Innate Pharma has made significant progress in its corporate development and its innovative immunotherapy pipeline over 2011. With now two collaborations with major pharma partners, Novo Nordisk A/S and Bristol-Myers Squibb, Innate Pharma has achieved strong validation for the key concepts of its science and its unique positioning in innate immunity.
The key events of the first half of 2011 were as follows:
- A European trial application was filed by Novo Nordisk A/S for IPH2201 (NN8765) in February 2011, resulting in the receipt of a milestone payment. IPH2201 is a first-in-class humanized antibody generated in the collaboration between Innate Pharma and Novo Nordisk A/S and developed by Novo Nordisk A/S to treat patients with chronic inflammatory and auto-immune diseases;
- In cooperation with Transgene SA, Innate Pharma jointly created a new company specializing in immunomonitoring services, Platine Pharma Services. Platine Pharma Services will provide fee-based services to the healthcare industry for the preclinical and clinical development of prophylactic and therapeutic drug candidates;
- From a corporate perspective, Catherine Moukheibir, Senior Advisor Finance since March 2011, was appointed to the Executive Board in May.
Post period end highlight:
In July 2011, Innate Pharma signed a breakthrough global agreement with Bristol-Myers Squibb for the development and commercialization of the anti-KIR monoclonal antibody IPH2102, currently in Phase I clinical trials. The agreement included an upfront payment of \$35 million and potential development, regulatory and commercial milestone payments totalling up to \$430 million, as well as double-digit royalty payments on worldwide net sales.

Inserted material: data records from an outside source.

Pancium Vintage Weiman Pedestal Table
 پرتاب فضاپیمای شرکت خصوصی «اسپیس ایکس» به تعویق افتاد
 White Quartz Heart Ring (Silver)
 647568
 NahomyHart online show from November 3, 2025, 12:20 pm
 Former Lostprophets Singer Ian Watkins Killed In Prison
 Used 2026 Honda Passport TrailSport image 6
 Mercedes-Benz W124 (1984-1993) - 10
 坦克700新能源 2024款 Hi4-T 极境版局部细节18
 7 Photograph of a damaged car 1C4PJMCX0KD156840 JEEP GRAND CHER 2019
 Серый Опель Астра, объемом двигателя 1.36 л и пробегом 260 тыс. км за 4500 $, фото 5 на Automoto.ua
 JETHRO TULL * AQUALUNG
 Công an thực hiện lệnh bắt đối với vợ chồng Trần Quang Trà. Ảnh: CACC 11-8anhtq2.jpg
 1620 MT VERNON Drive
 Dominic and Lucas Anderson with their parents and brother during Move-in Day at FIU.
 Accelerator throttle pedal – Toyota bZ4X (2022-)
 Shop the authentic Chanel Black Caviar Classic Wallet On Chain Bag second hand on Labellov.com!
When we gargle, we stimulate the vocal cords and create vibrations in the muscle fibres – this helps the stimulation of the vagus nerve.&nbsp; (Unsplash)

The key financial elements for the half-year results are as follows:
- A decrease in the operating loss to 5.7 million euros in the first half of 2011, compared with a loss of 6.7 million euros in the same period last year;
- A solid balance sheet with 29.7 million euros in cash, cash equivalent and current financial instruments as at June 30, 2011, and 7.1 million in financial debt. This cash situation doesn't take into account the \$35 million payment made by Bristol-Myers Squibb in July 2011 for the signing of the collaboration and licencing agreement. Cash absorbed by operations amounted 4.2 million euros in the sixmonth period ended June 30, 2011 compared with 9.5 million euros in the same period last year.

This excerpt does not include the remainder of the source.